Es war schön zu sehen, wie begeistert de Teilnehmerinnen und Teilnehmer von den Projekten in Aschaffenburg waren“, so Dr. Julia Bauer. „Außerdem haben wir viele Ideen gesammelt, wie wir unser lokales Handeln für die Nachhaltigkeit noch ausbauen können.“

Hintergrund:

Organisiert wurde der Workshop von der Servicestelle Kommunen in der Einen Welt (SKEW) von Engagement Global im Auftrag des Bundesministeriums für wirtschaftliche Zusammenarbeit und Entwicklung (BMZ), in Zusammenarbeit mit der South African Local Government Association (SALGA). Im Fokus der dreitägigen Tagung standen das gemeinsame Lernen – das sogenannte Co-Learning – rund um Nachhaltigkeitsmanagement und die Erstellung von kommunalen Nachhaltigkeitsberichten (Voluntary Local Reviews VLR).

Kommunen spielen eine Schlüsselrolle bei der Umsetzung der globalen Nachhaltigkeitsziele der Vereinten Nationen (Sustainable Development Goals, SGDs). Ob beim Schutz vor Hitze, beim Ausbau erneuerbarer Energien, in der Gesundheitsversorgung oder bei der Förderung sozialer Teilhabe – die Herausforderungen sind vielfältig. Gleichzeitig sind Städte und Gemeinden weltweit direkt von den Folgen des Klimawandels, wirtschaftlichen Veränderungen und Migration betroffen. Umso wichtiger ist es, dass sie gemeinsam Lösungen entwickeln, die vor Ort wirken und allen Menschen zugutekommen.

Ein gemeinsames Ziel verbindet alle Beteiligten: Nachhaltigkeitsberichte sollen künftig noch stärker als strategisches Instrument genutzt werden. Sie helfen, Fortschritte messbar zu machen, Wirkungen sichtbar zu gestalten und Transparenz gegenüber der Bevölkerung zu schaffen.

In Fachvorträgen und interaktiven Arbeitsgruppen tauschten sich die Teilnehmenden unter anderem zu Monitoring und Datenerhebung, zur Beteiligung von Verwaltung und Bürgerschaft sowie zur Öffentlichkeitsarbeit aus. Praxisnahe Einblicke lieferten konkrete Beispiele aus den Kommunen. Ergänzt wurde das Programm durch Beiträge von Expertinnen und Experten aus Deutschland und Südafrika.

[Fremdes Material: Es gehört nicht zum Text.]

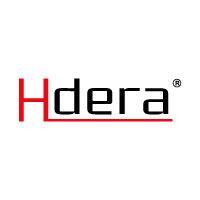Huizhou HD Era Technology Co., Ltd.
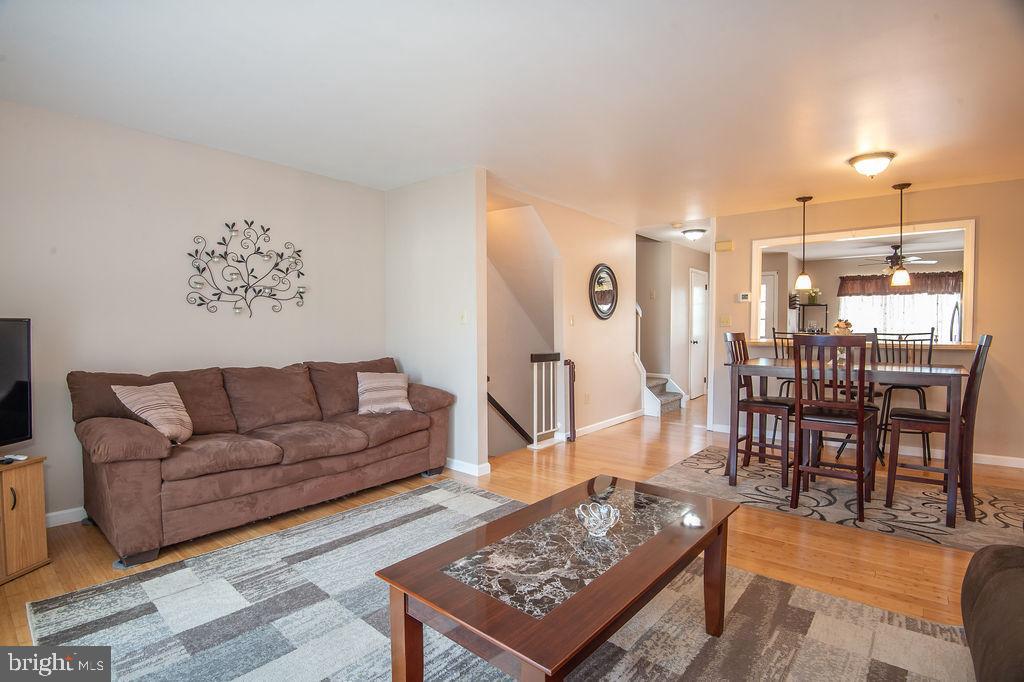 PINEWOODS - Residential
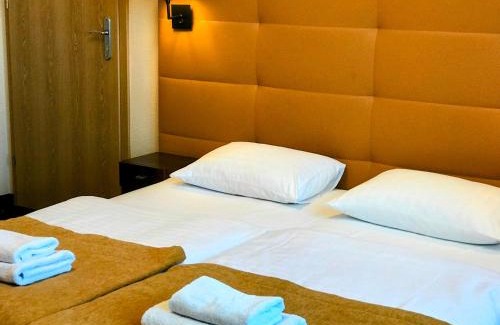 Siedlce Apartamento | La Petite APARTMENTS & ROOMS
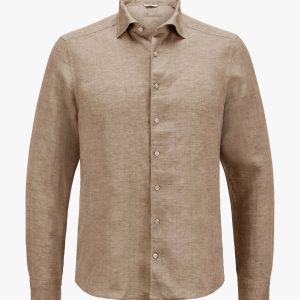 STENSTROMS/MEY SMALL SIZE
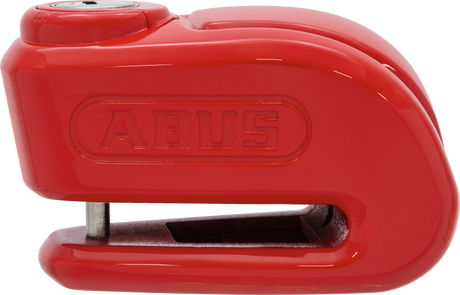 af7f-6821ffbbc703d.png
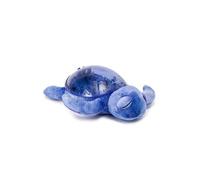 Veilleuse Tranquil Turtle Océan Bleu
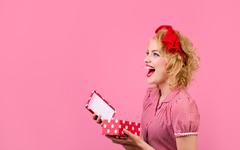 Aide-cadeau : la plateforme qui vous aide à trouver le cadeau parfait en quelques clics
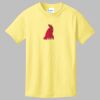 Best Selling Youth Cotton Tee Thumbnail
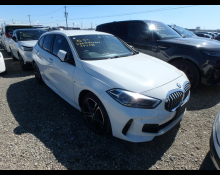 Used Bmw Cars For Sale in Japan At Best Price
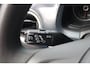 Volkswagen Up! 1.0 | Airco | Cruise Control | Lane Assist | 5-deurs | Camera | DAB | Elektrische ramen | Bluetooth | Lichtmetaal
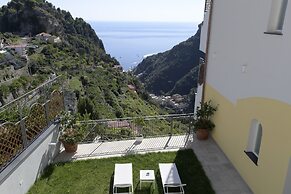 Palazzo San Giovanni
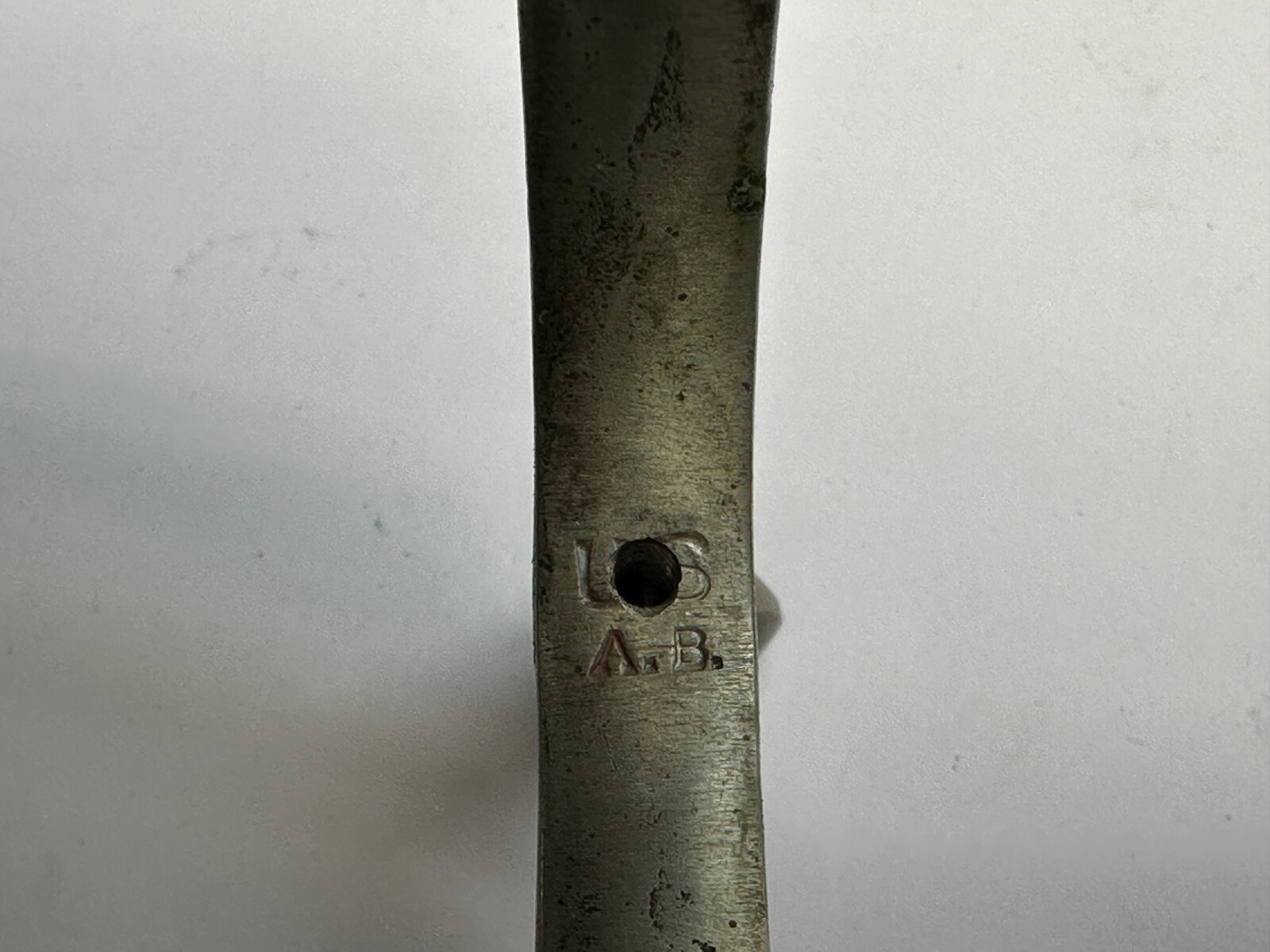 Picture 2 of 5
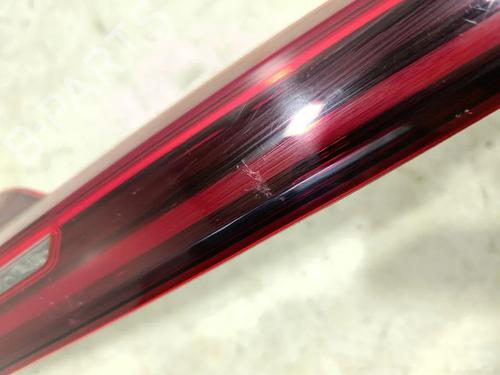 Right taillight AUDI E-TRON (GEN) 50 quattro | BP33176839C35  - Image 6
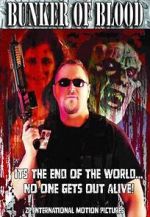 Watch Bunker of Blood 123movies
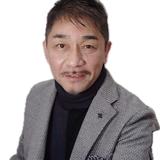 Masayuki Hisano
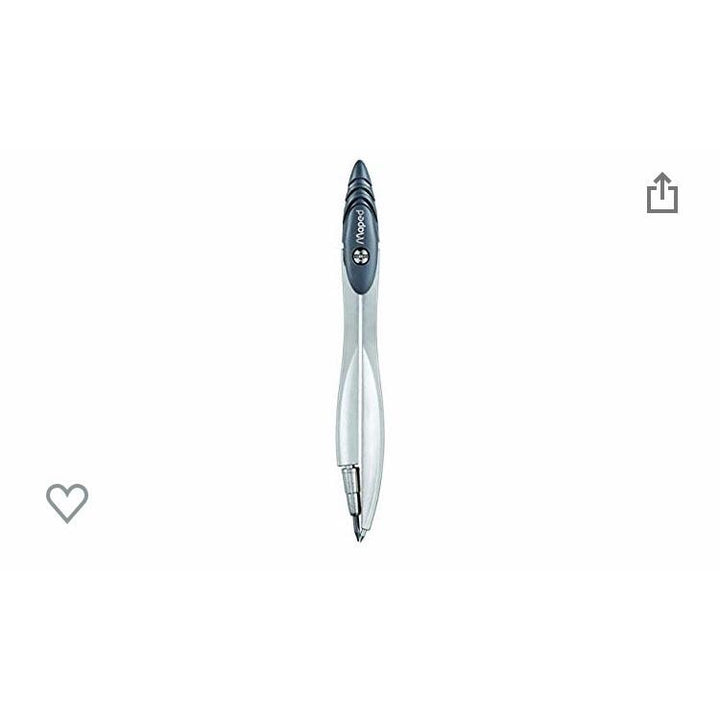 Compas Study Mines -25% - GEO Gabon Shop Online 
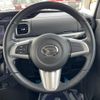 daihatsu tanto 2016 -DAIHATSU--Tanto DBA-LA600S--LA600S-0391028---DAIHATSU--Tanto DBA-LA600S--LA600S-0391028- image 12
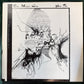 Sun Ra - The Magic City 2nd Press Thoth 1969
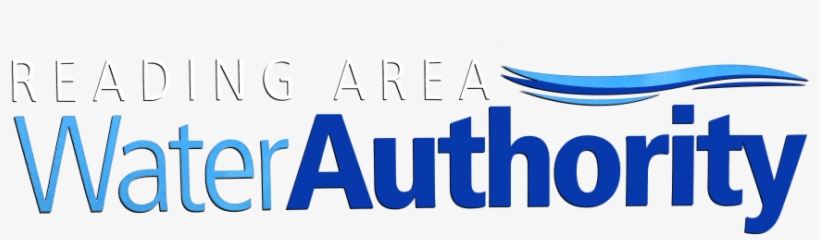 Authority, transparent png download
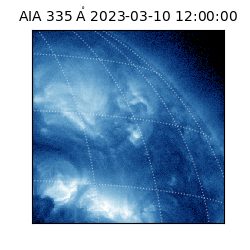 saia - 2023-03-10T12:00:00.626000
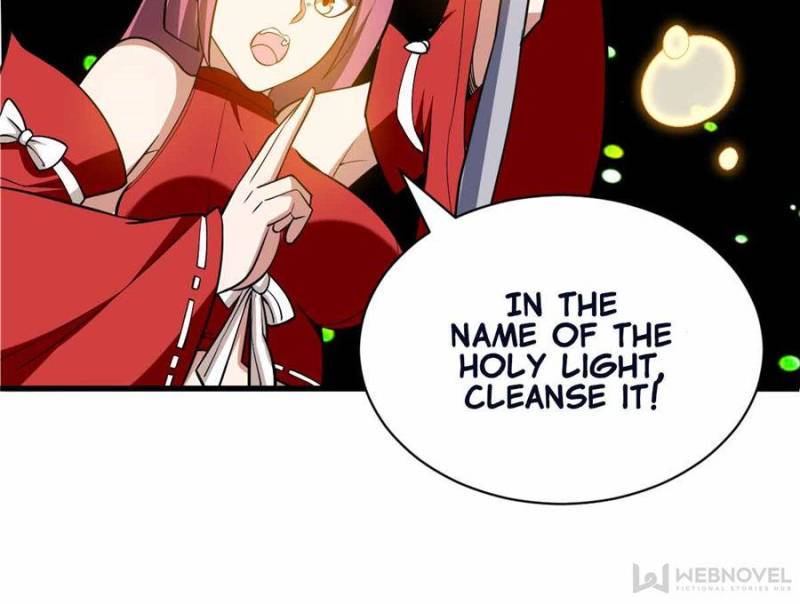 Page 66 of Chapter 127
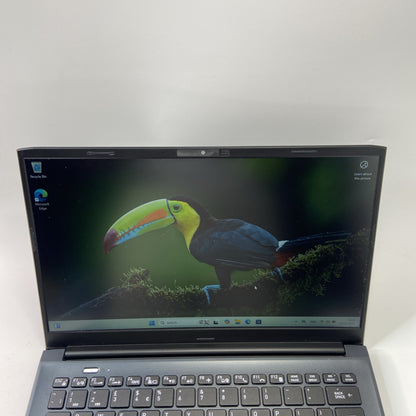Toshiba Dynabook Satellite Pro C30-K-115 Intel Core i5-1235U 8GB RAM 256GB SSD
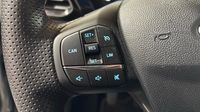 Ford Puma 1.0 Flexifuel 125ch S&S mHEV ST-Line — photo 24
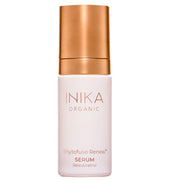 INIKA Organic Phytofuse Renew Serum 30 ml 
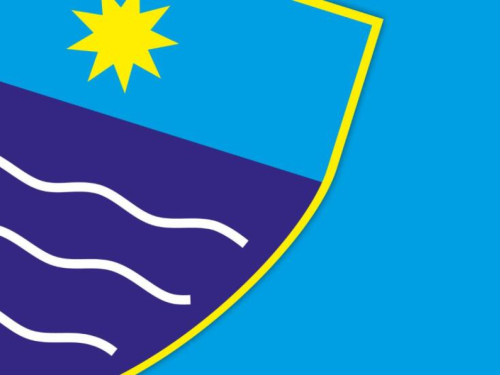 Poziv pravnim subjektima na suradnju – odrađivanje vježbeničkog staža
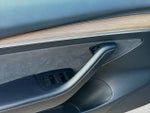 2023 Model 3 Thumbnail 15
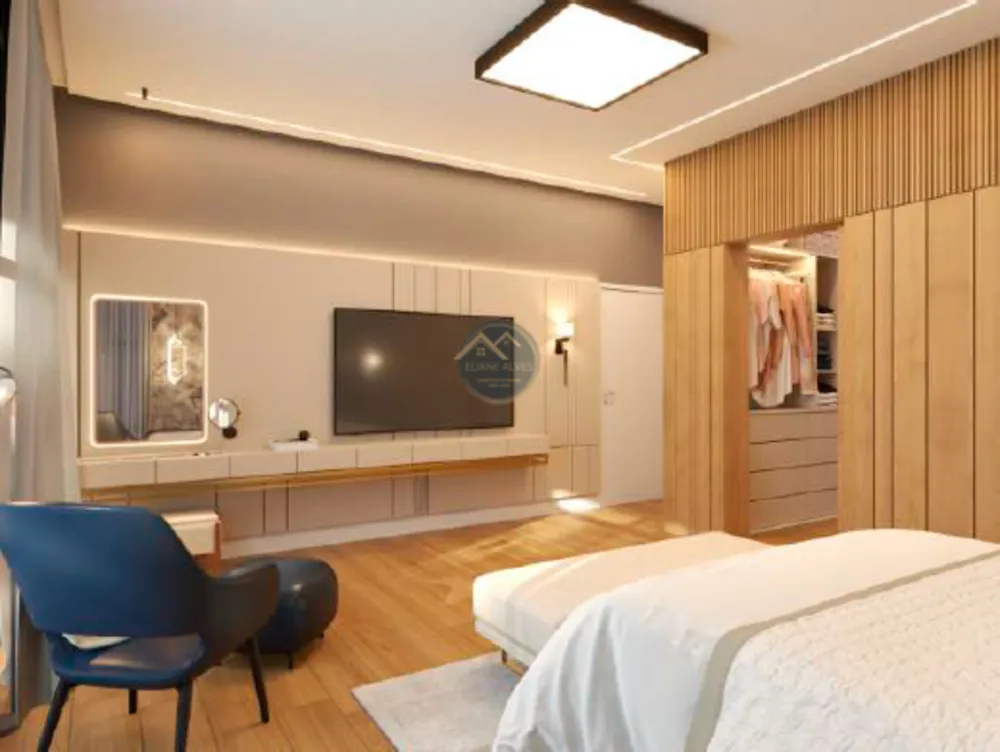 Casa, 3 quartos, 408 m² - Foto 14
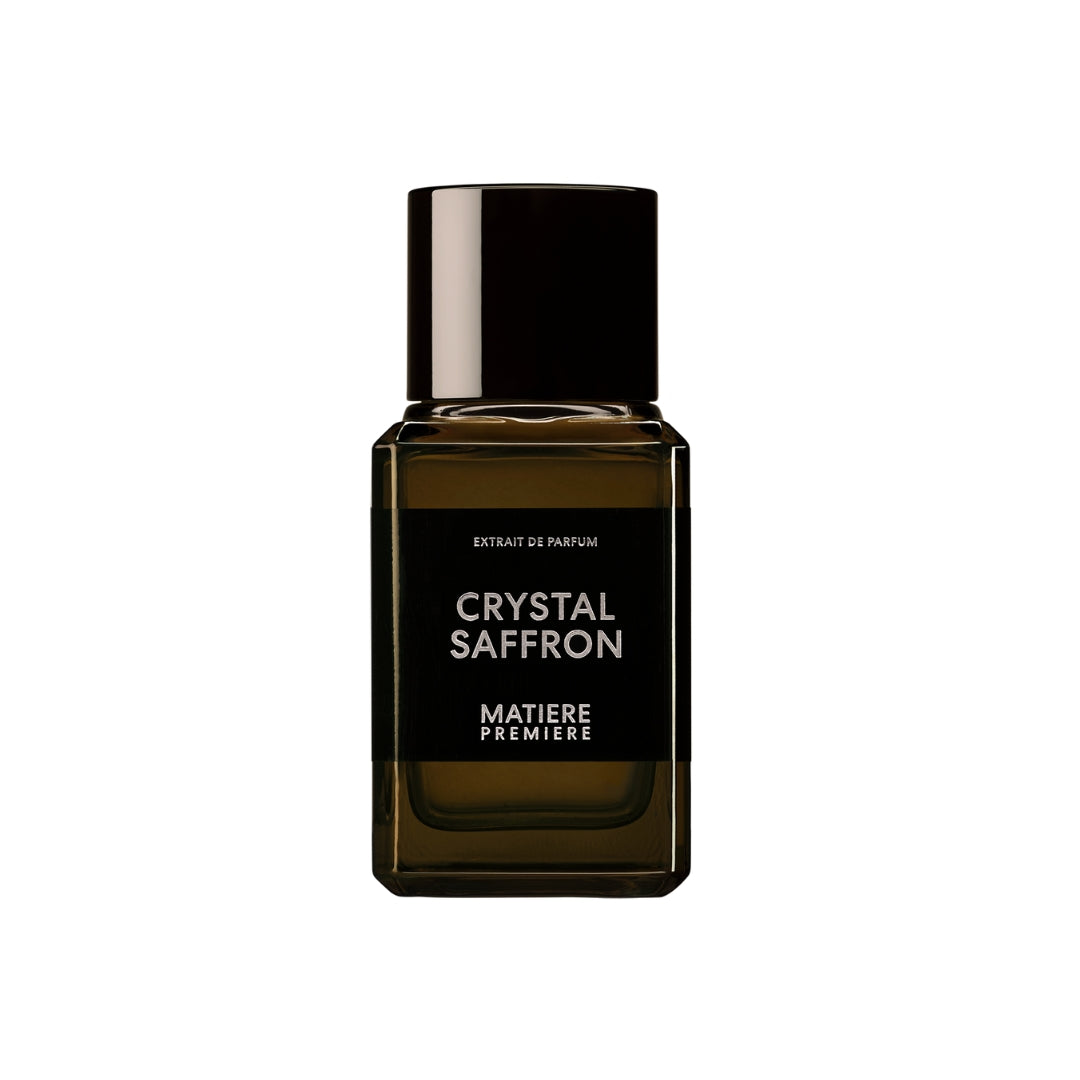 Matiere_Premiere_Crystal_Saffr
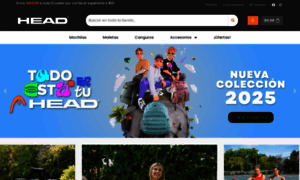 Head.ec thumbnail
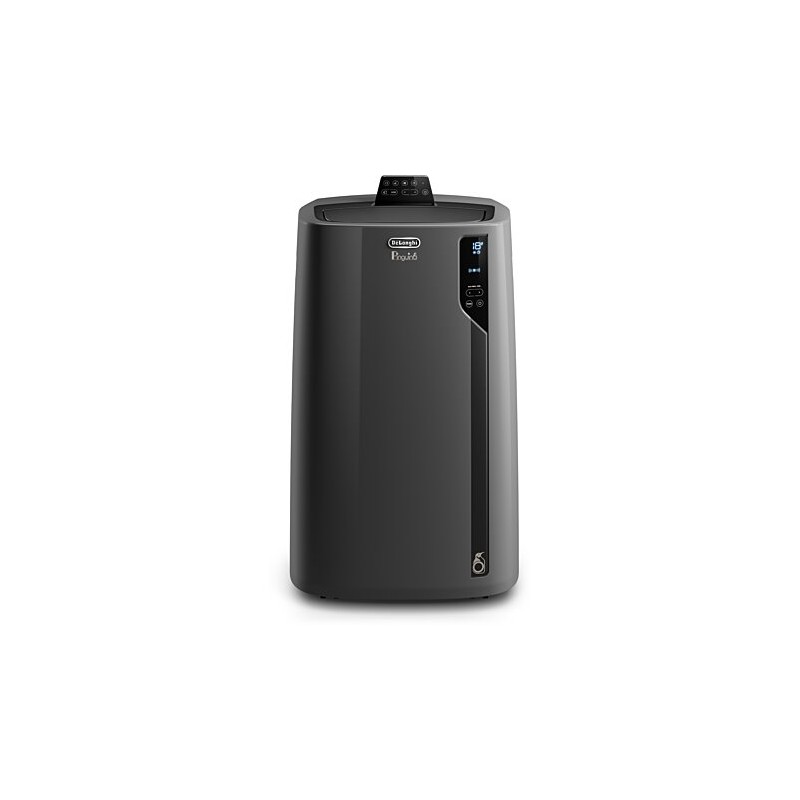 Climatiseur Mobile DELONGHI PACEL112CST Climatiseur Mobile DELONGHI PACEL112CST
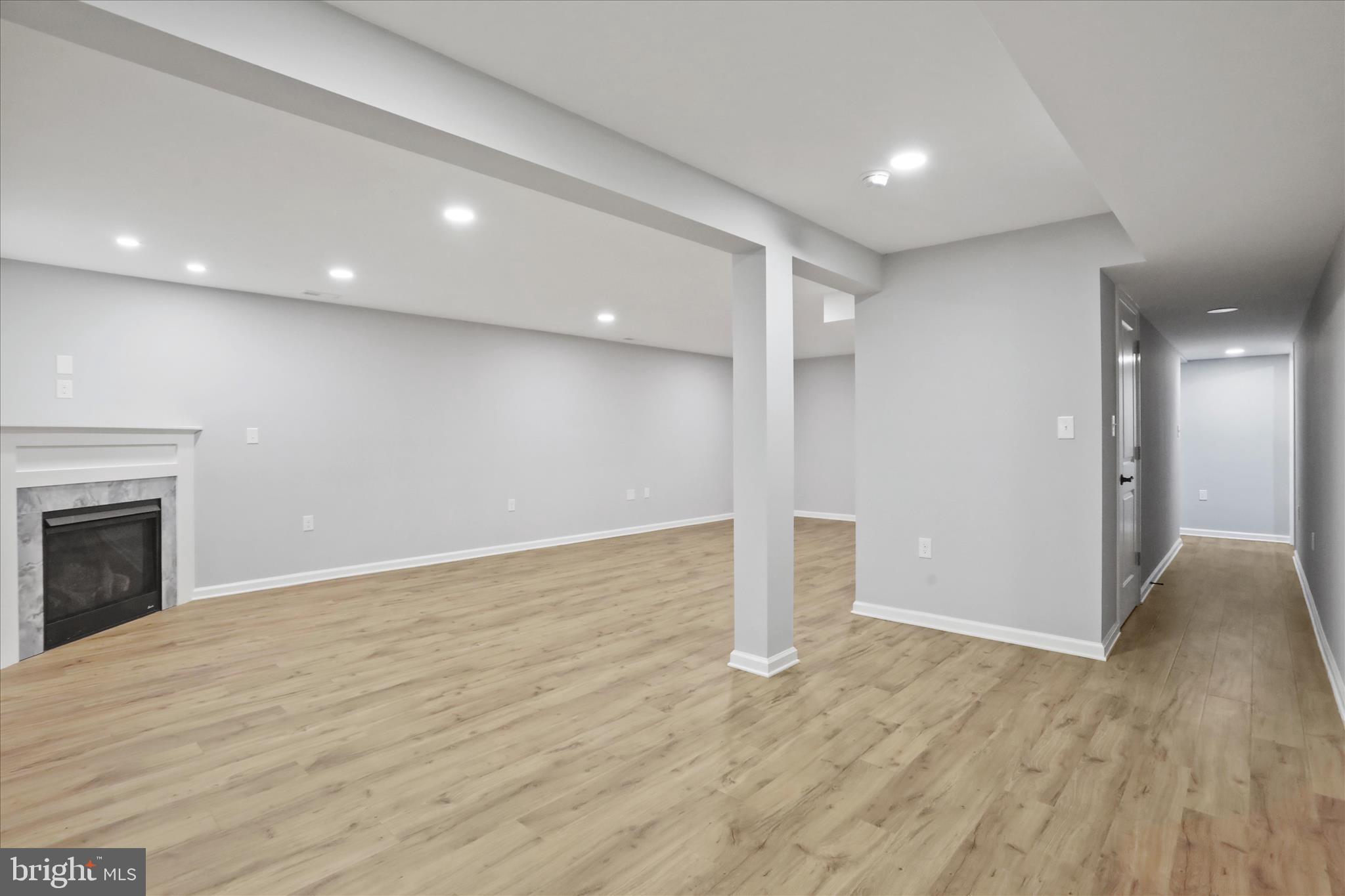 SHENANDOAH FARMS - Residential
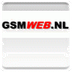 gsmweb.nl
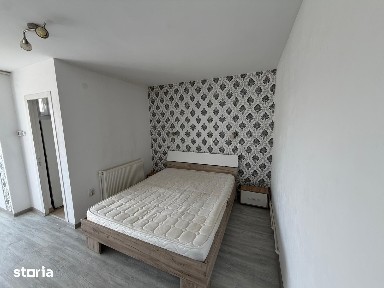 Strada Armoniei, Simion Barnutiu, Zalau, Salaj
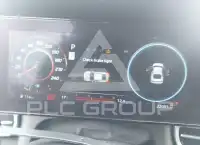 2025 Hyundai Elantra фото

Die Teilnehmenden waren sich einig: Globale Herausforderungen lassen sich nur gemeinsam bewältigen. Der Workshop und der Besuch in Aschaffenburg zeigten, wie wertvoll der internationale Austausch ist. Ideen wurden geteilt, Erfahrungen diskutiert und konkrete Ansätze weiterentwickelt.

Der intensive Austausch hat gezeigt: Der Bedarf an weiterer Zusammenarbeit ist groß. Die nächste Gelegenheit dazu bietet ein Folgetreffen im September 2026 in Durban, Südafrika. Dort sollen die Erkenntnisse vertieft und gemeinsam weiterentwickelt werden.